I’ve done about 100’s of ASA upgrades remotely and over the console and I thought I’ve seen it all but apparently not. This time it was a remote upgrade from version 9.4.x to 9.6.2.x and nothing was out of ordinary.
Cisco ASA: 9.4.x > 9.6.2
I’ve followed the standard practice of upgrading standby unit first, rebooting it and then failing over to verify functionality before proceeding to the primary. After I’ve issued reload it took a strangely long time for it to come back up online, no log messages on active unit indicated the state of the other one. I was VPNed into the primary unit so all of my access seemed ok, however, I took precautions and tried to access something over a site to site VPN tunnel from the internal resource. My suspicious was true, I was loosing 50% of the packets to anything traversing primary ASA so something was drastically wrong. One of the primary causes of packet loss is asymmetric packet flow so this led me to believe the other unit was not down but actually up and was causing active/active behavior. The only choice I had is to shutdown switch ports leading to standby unit and it fixed packet loss issue. I needed to figure out the root cause so I had someone dispatched and console over to standby ASA. Nothing stand out right away so I had it rebooted and watched the log.
Reading from flash…
!!!!!!!!!!!!!!!!!!!!!!!!!!!!!!!!!!!!!!!!!!!!!!!!……………………………………………….. ……………………..ERROR: Failed to apply IP address to interface GigabitEthernet0/7, as the network overlaps with interface Internal-Data0/3. Two interfaces cannot be in the same subnet.
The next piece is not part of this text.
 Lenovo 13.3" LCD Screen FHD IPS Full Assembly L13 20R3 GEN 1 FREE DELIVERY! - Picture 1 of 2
*** Output from config line 3299, “failover interface ip Fa…”
Cross referencing interface configuration I found that my failover interface was configured with Link-local IP.
failover link Failover-Interface GigabitEthernet0/7
failover interface ip Failover-Interface 169.254.1.1 255.255.255.252 standby 169.254.1.2
Apparently, in version 9.6.2 this IP is used for internal data plane and due to the conflicting configuration was not applied to failover interface which caused standby unit to go active.
After applying RFC 1918 IP instead of Link-local address to active and standby units failover pair normalized and traffic started flowing normally.
To perform this on production unit follow these article to avoid disruption in traffic flow.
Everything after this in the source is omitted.